ワイドショーやバラエティ番組はもちろんのこと、普通のニュース番組ですら、地上波のテレビ局のそれを日常的に見る機会がなくなって久しい。

情報はネットか新聞か、いずれにしても冷静な文字媒体。スポーツ中継の映像は眺めるが、それも週末の楽しみを除けばよほどのことがない限り、リアルタイムでかじりついてみることはない(というか、そんな暇は毛頭ない)。

だから、「今回のWBCが盛り上がっているらしい」という情報に触れても、全くピンと来なかったし、今でもピンと来てはいない。

ただ、準決勝のメキシコ戦、何の気なしにAmazonプライムで見始めてからの映像は、あまりに鮮烈すぎるものだった。

・試合終盤、スコア劣勢の中で生まれた4番・吉田正尚選手の起死回生の同点3ラン。
・続いてマウンドに上がった山本由伸投手が、快速球でしっかり抑え込むかと思ったら、たちまち上位打線からの波状攻撃にあってたちまち2点のビハインド。
・だが、その裏、山川選手の犠飛で何とか一点を返すと、最終回の表は大勢選手がきっちり抑え再び日本の攻撃に。

そして、大谷選手の雄叫びツーベースから始まったラストイニング、メキシコの守護神を9球で沈めて試合をひっくり返した怒涛の攻撃は、しばらく語り継ぐに値する。

気付いたのは、出てくる日本の投手陣の球速の速さと球質の良さ、さらに足のスペシャリストも含めた攻撃陣の層の厚さと、それを巧みに使うベンチワークの絶妙さ。

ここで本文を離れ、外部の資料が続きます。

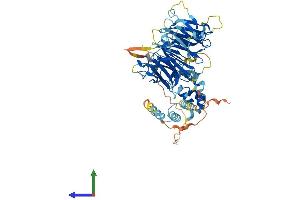 Protein Structure (PS) image for F-Box Protein 24 (FBXO24) (AA 1-580) protein (His tag) (ABIN7547561)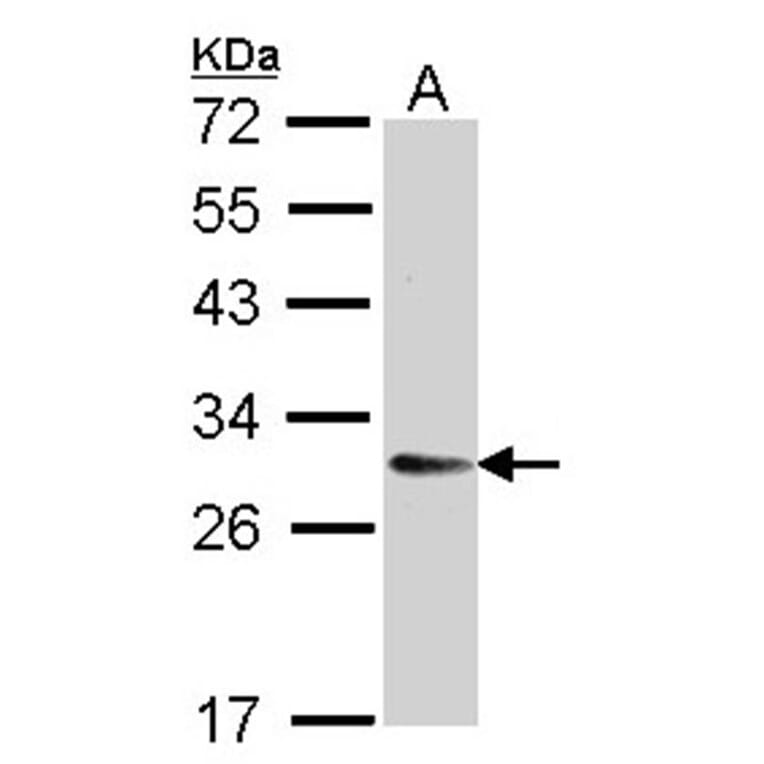 TMED9 antibody from Signalway Antibody (23133) - Antibodies.com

なるほどこれはディープなファンにも受けるわけだと合点がいく、そんな試合だったような気がする。


自分は元々このWBC、という大会自体は、第1回からずっと複雑な思いで眺め続けている。

「連覇」した最初の2大会は、まだ野球が五輪競技だった時代に真剣勝負の夏のトーナメントに敗れた日本プロ軍団がシーズン開幕前のエキシビジョン的な緩さと複雑な大会形式に助けられて鬱憤を晴らしただけ*1、という雰囲気がどうしても拭い去れなかったし*2、その後、五輪から野球が追い出されてWBCが事実上「最高峰の国際大会」になってからは、選手たちの参加をめぐってひと悶着あったり*3、肝心の大会で最良の結果を残せない時期が続いたり・・・と、これまた手放しで応援に加わりたくなるような代物ではなかった。

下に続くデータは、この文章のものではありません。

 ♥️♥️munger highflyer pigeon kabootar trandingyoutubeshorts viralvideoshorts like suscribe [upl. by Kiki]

WBC」の季節になると、サッカーと比較して、「やっぱり日本の国技は野球だ」みたいなことを言いだす人も出てくるのだが、競技が普及している国・地域の広がりが全く異なる上に、大会の歴史も各国の代表チームの継続性もサッカーには遠く及ばないこのイベントを、「ワールドカップ」と比較するのはあまりにおこがましいし、そういう人々を増長させるだけの大会から得られるものなど何もない、とすら自分は思っている。

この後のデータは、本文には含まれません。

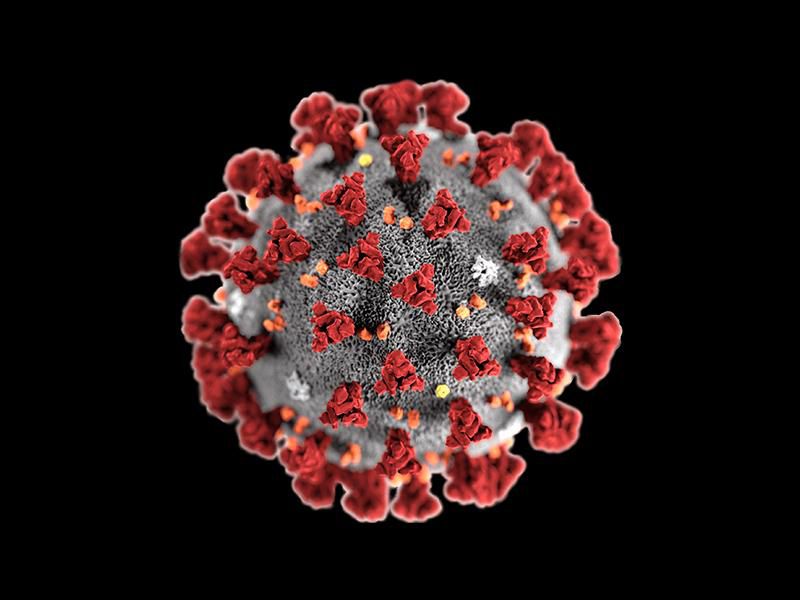 COVID-19 Virus: Click to enlarge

だが、準決勝での神がかり的な勝利を目の当たりにし、「決勝戦進出が14年ぶり」という一報を耳にした時、あんなボロボロの形でスタートした大会もそれだけ長い歴史を重ねたのだなぁ・・・と思ってしまったことは否定しない。

明日の決勝、このままの勢いで3度目の優勝を果たすのか、それとも、ここ数大会でようやく本気を出してきた米国代表の前に完膚なきまでに叩きのめされるのか。明日にならなければ答えは分からないが、ここまで来たら、”大会の功罪”という話題はしばし忘れ、純粋に勝負の行方にだけ目を向けるしかないだろうな、と思っているところである。

*1:それも大会中盤までの戦績は決して胸を張れるものではなく、最後の最後に精神力を発揮してようやく・・・という印象が強かった。

*2:第2回大会決勝前の率直な感想は盛り上がっているところに水を注すようだが・・・ - 企業法務戦士の雑感 ~Season2~に尽きる。もちろん、その後の決勝戦でのイチローの2点タイムリーには自分もしびれたのであるが。

*3:何も解決していない「WBC」問題 - 企業法務戦士の雑感 ~Season2~参照。